Mt. Eyjafjallajokull

Recently, I visited Mt. Eyjafjallajokull in Iceland to see this volcano firsthand and speak with scientists studying the eruption and its potential impact on our climate. Volcanoes are one of the sources of naturally occurring greenhouse gases and large eruptions in the past have impacted our climate.

During an eruption, volcanoes release a number of gases into the atmosphere. The most abundant gases typically released from volcanoes are water vapor, carbon dioxide and sulfur dioxide. Scientists have calculated that volcanoes emit between about 130-230 million metric tons of CO2 into the atmosphere every year.

While it is unclear at this time how much total CO2 is expected to be released from the current Mt. Eyjafjallajokull eruption, the 1991 eruption at Mt. Pinatubo in the Philippines was estimated to have released 42 million metric tons of CO2, roughly the same as the amount emitted by the state of Montana in 2005. The eruption at Mt. Pinatubo was one of the biggest volcanic eruptions in the 20th century, and Mt. Eyjafjallajokull is significantly smaller by comparison. Current estimates place CO2emissions from Mt. Eyjafjallajokull at 150,000 to 300,000 metric tons daily, but it is unclear how long these levels will be sustained.

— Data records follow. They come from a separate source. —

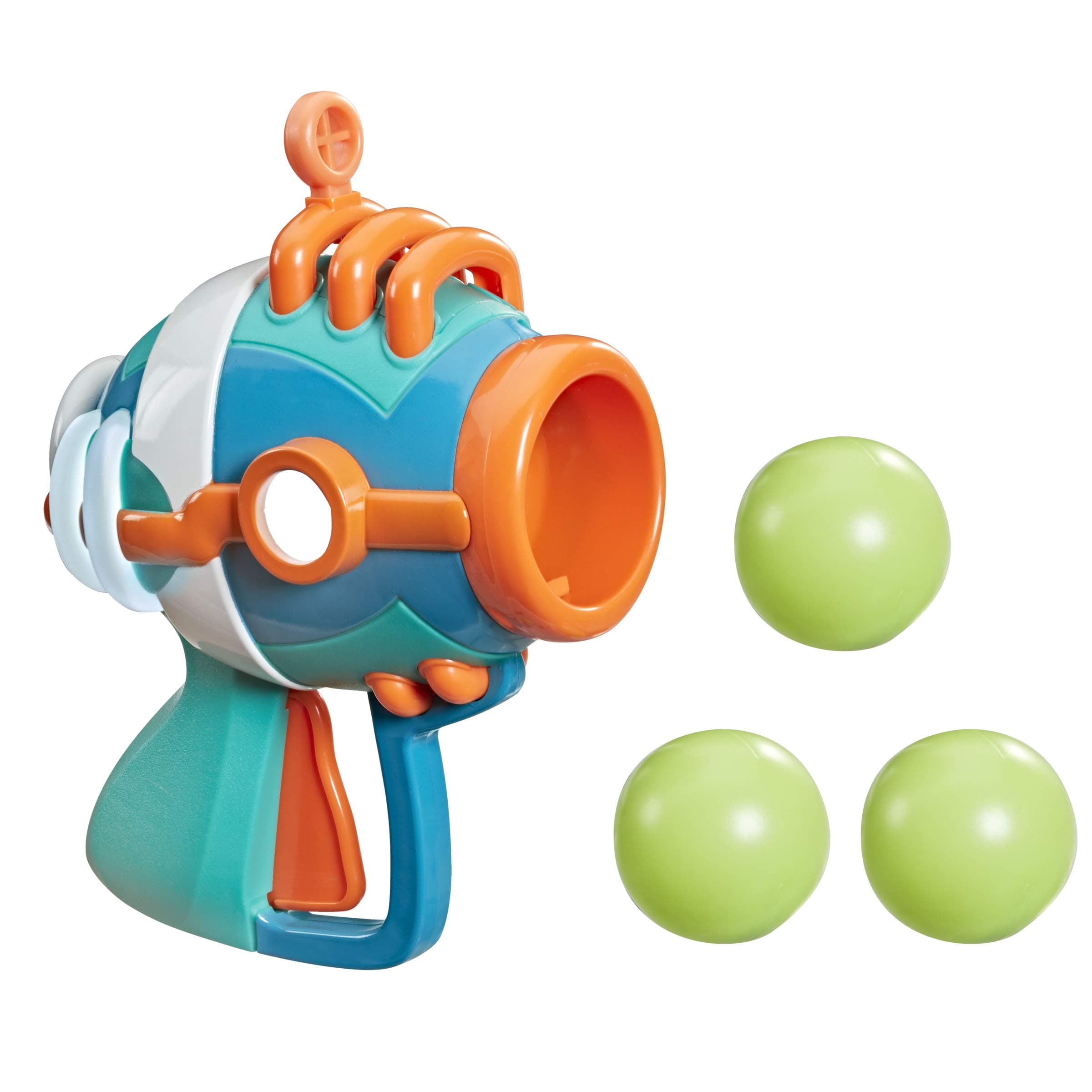 Romeo Blaster Ball Launcher, Preschool Toys, Ball Blaster for Kids, Toys for 3 Year Old Boys and Girls and Up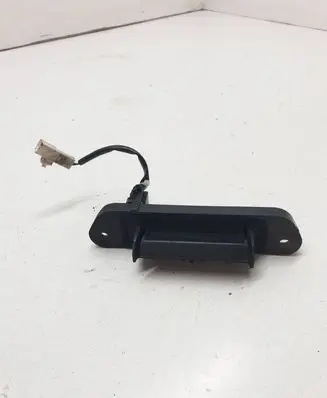 Mitsubishi Grandis Tailgate/trunk/boot exterior handle
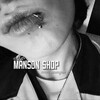 Logo of telegram channel mansonshop — 𝗠𝗔𝗡𝗦𝗢𝗡 𝗦𝗛𝗢𝗣🕷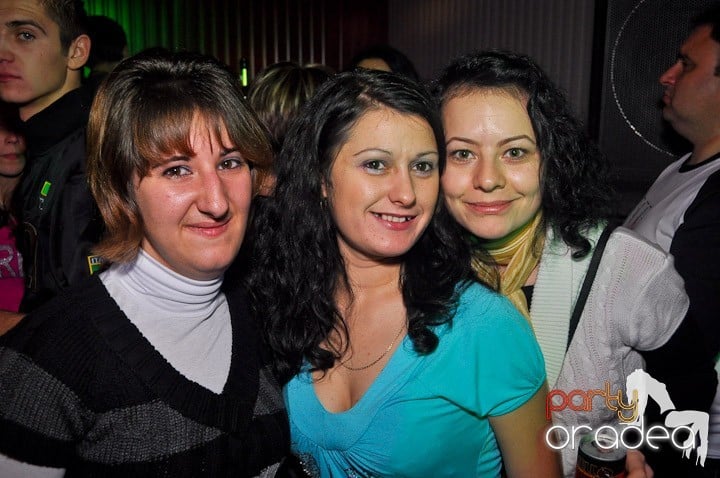 DJ Turbo în Disco Faház, 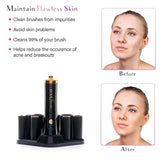 Electric Makeup Brush Cleaner and Dryer Machine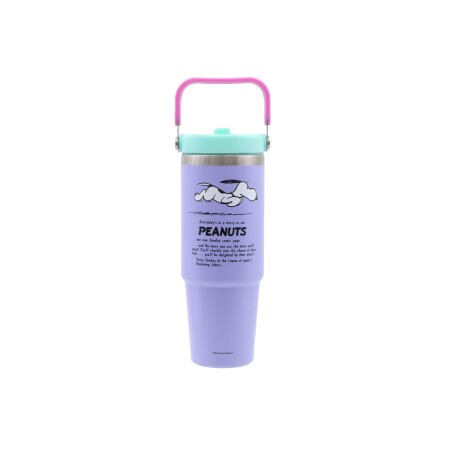 Vaso térmico Snoopy 880ml Vaso térmico Snoopy 880ml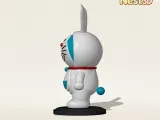 Doremon X Bunny-2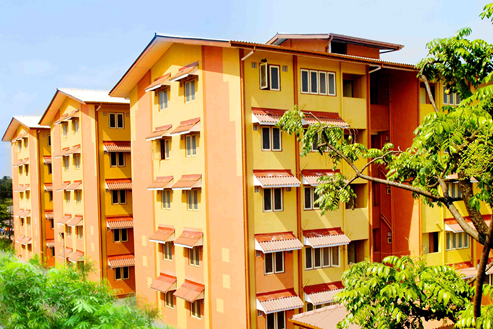 SINGHAPURA HOUSING PROJECT – STAGE II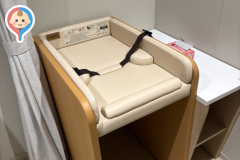 鳴門市役所(1F)の授乳室・オムツ替え台情報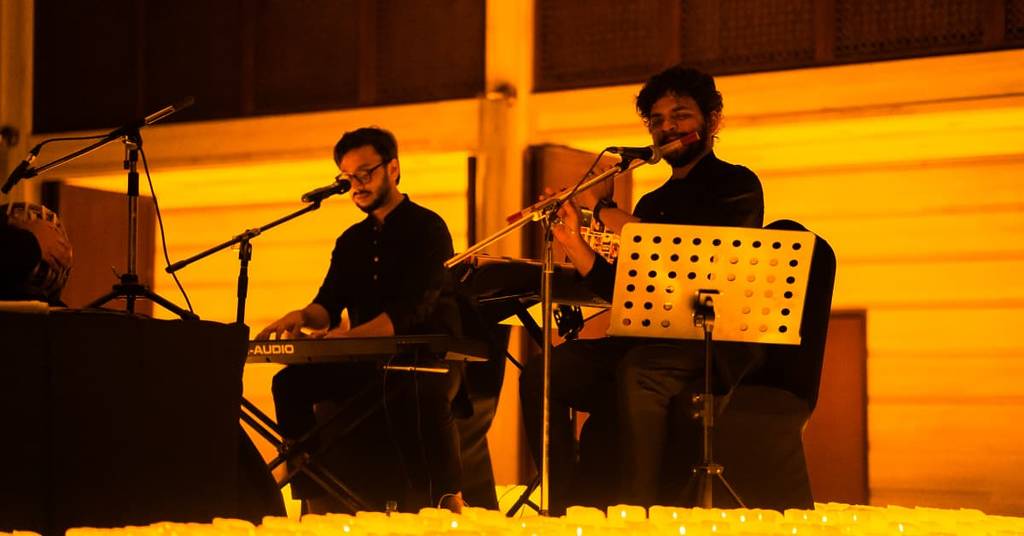 Neither Vivaldi nor Coldplay: the true magic of Candlelight concerts lies in the illuminated historic settings of Invicta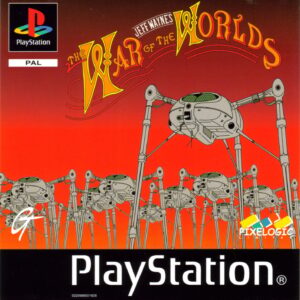 Jeff Wayne’s The War of the Worlds ROM & ISO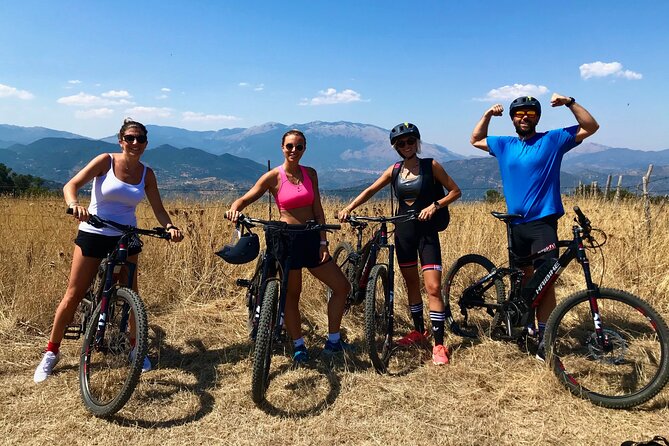 Mountain bike tour of the Madonie from Cefalù - Key points to know before you book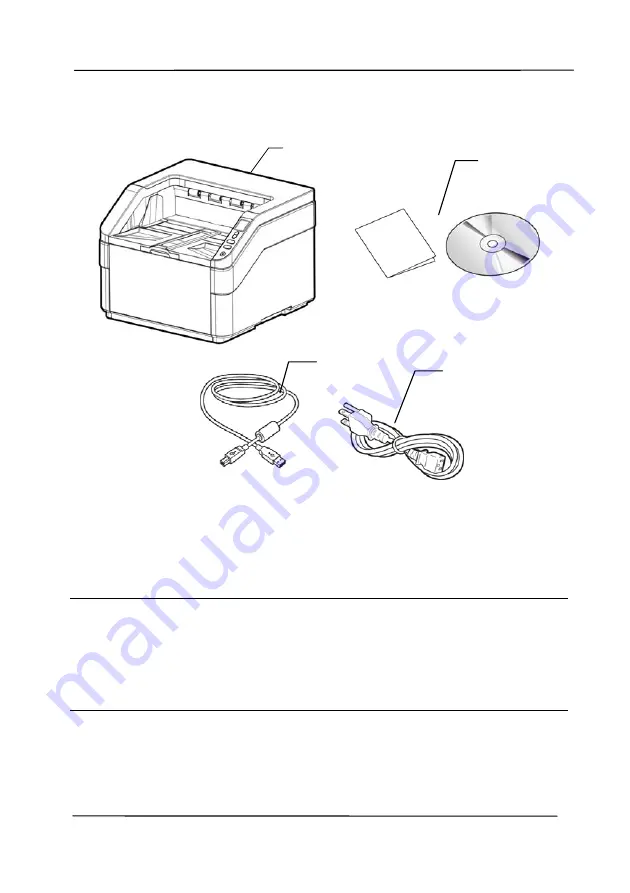 Avision AD8100 User Manual Download Page 9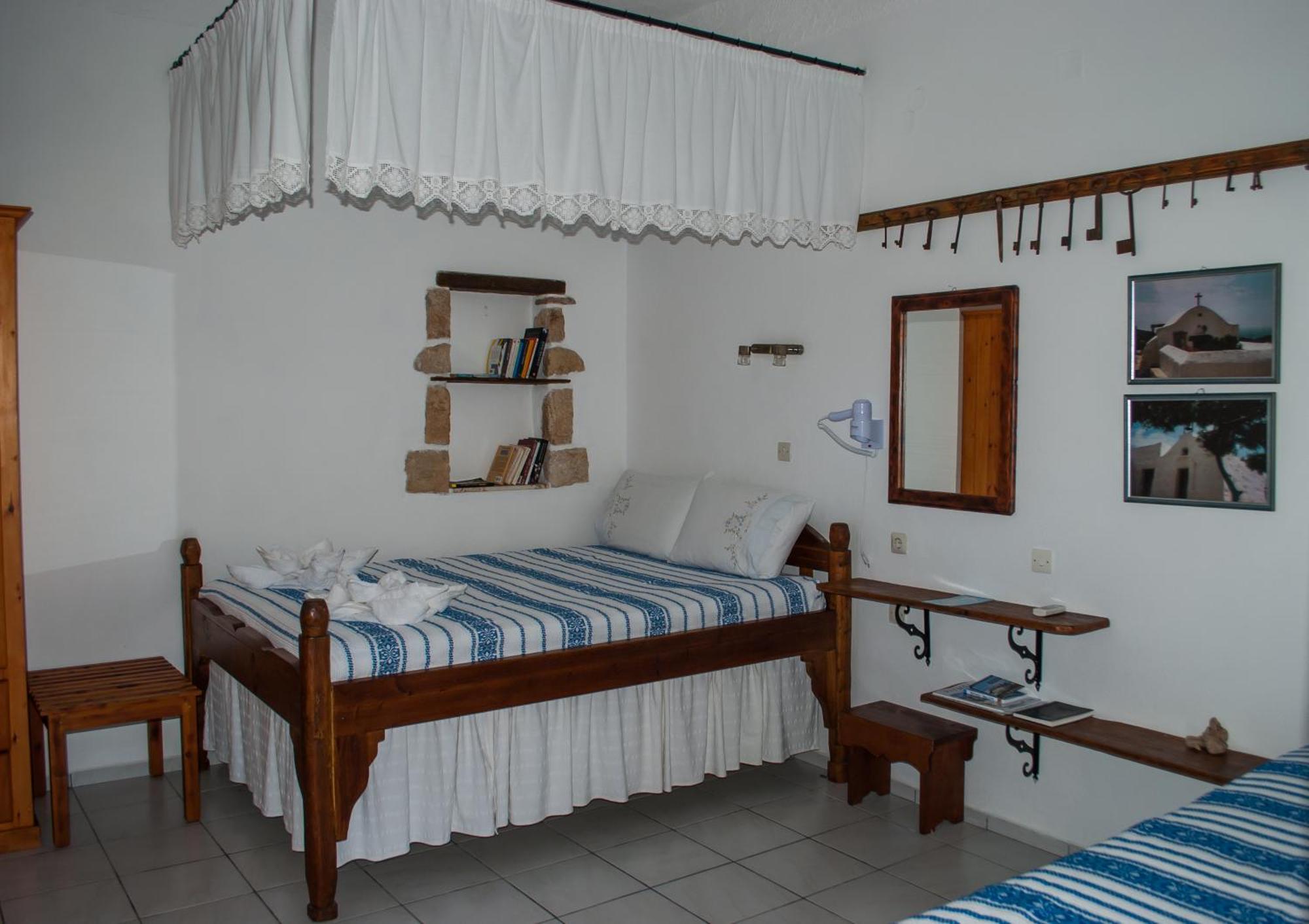 Sapsila Patmos Mathios Studios- Apartments מראה חיצוני תמונה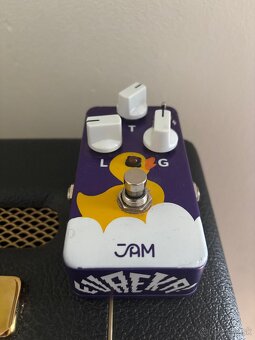 Jam Pedals EUREKA (fuzz) - 2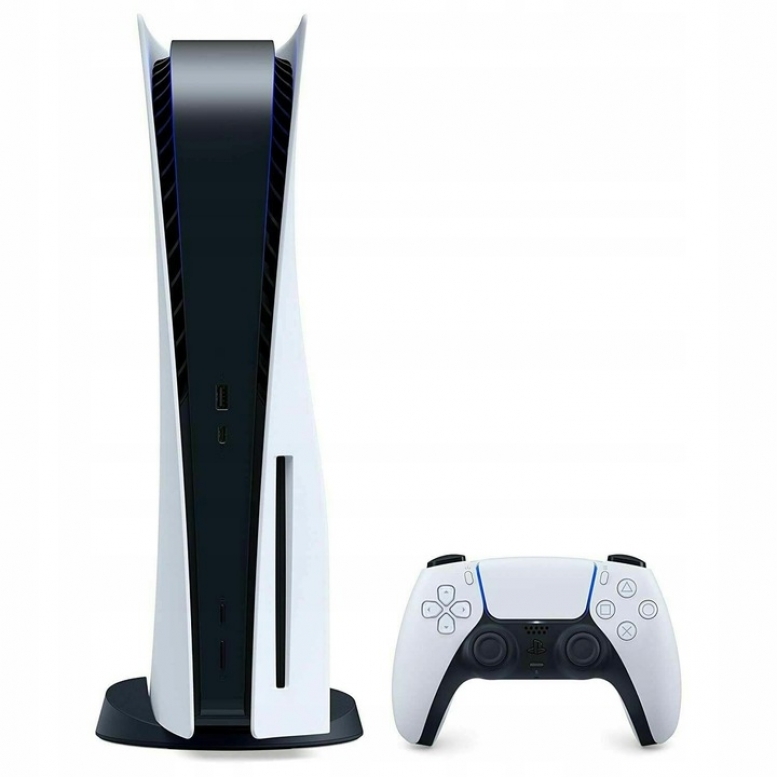 Игровая приставка Sony PlayStation 5 825Gb (CFI-1008A) (с приводом ...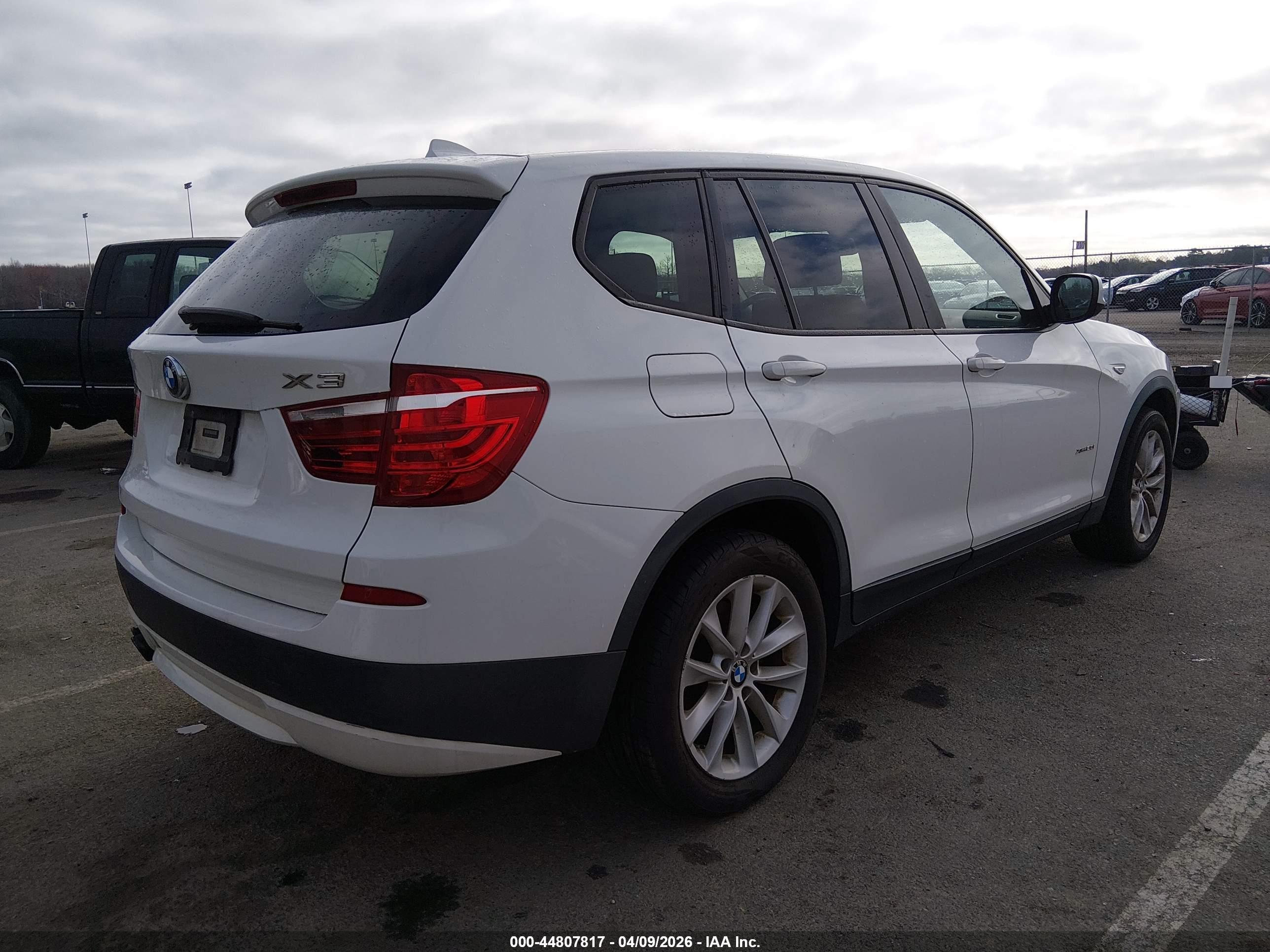 BMW X3 image 4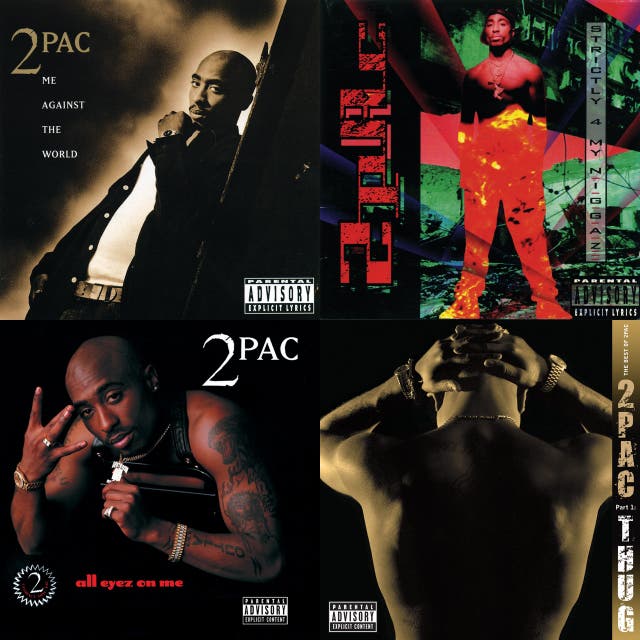All Eyez On Me Spotify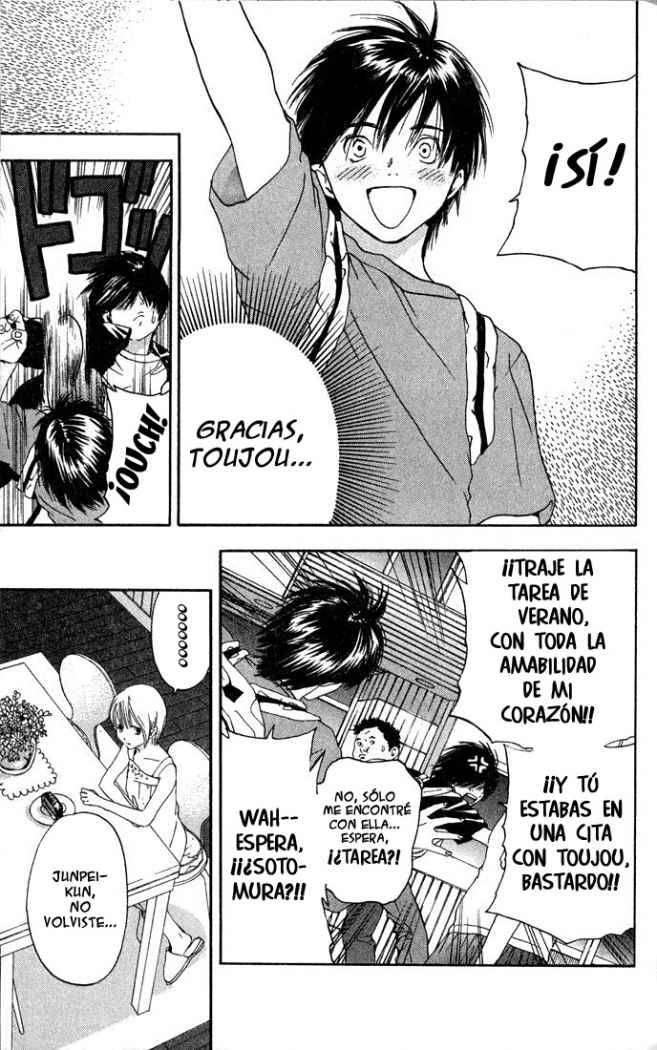 Read Ichigo 100% (es) Manga Online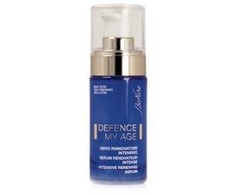 BioNike Defence My Age Anti-Ageing Anti-Wrinkle Firming Lifting Regenerating Brightening Morning &amp; Evening Serum For Face, 30 ml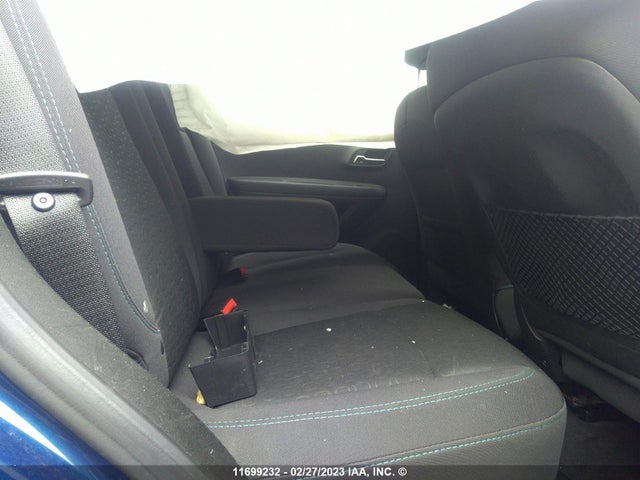 Chevrolet TRAX LS 2014 3GNCJKEB1EL163774 Image 8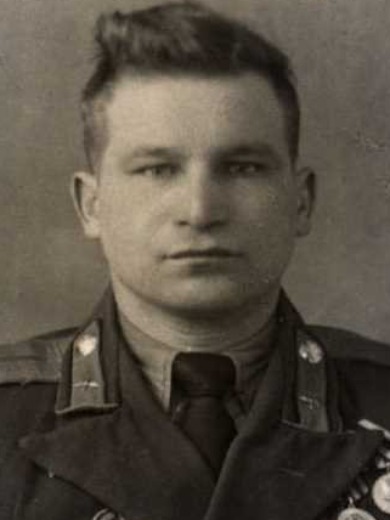 Китаев Михаил Дмитриевич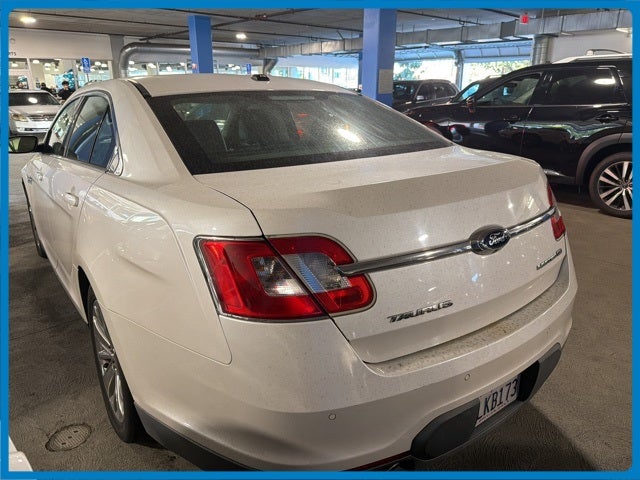 2012 Ford Taurus Limited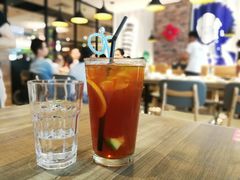 一颗柠檬茶-周沫西餐(漫广场店)
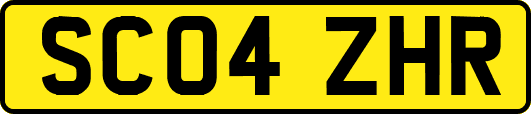 SC04ZHR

But the effect of volcanoes on the Earth's climate goes beyond CO2. The sulfur dioxide emissions from volcanic eruptions are also thought to be responsible for the global cooling that has been observed for a few years after a major eruption. Emissions of SO2 from an active volcano can reach the stratosphere where they convert to tiny persistent sulfate particles. These sulfate particles reflect energy coming from the sun, which produces a widespread cooling effect by preventing the sun's rays from heating the Earth.

Mt. Eyjafjallajokull is a stark reminder of how powerful nature is and how little we can control it. This eruption grounded thousands of flights and stranded tens of thousands of travelers in Europe. Yet some people in the climate debate seem to think humans control everything. We need to set aside that hubris. Politicians who use science to push their agendas would be wise to learn from this event and understand that our current climate models have serious limitations. We would be better served in pursuing realistic solutions and not expending tremendous financial resources under the false assumption that we humans control everything.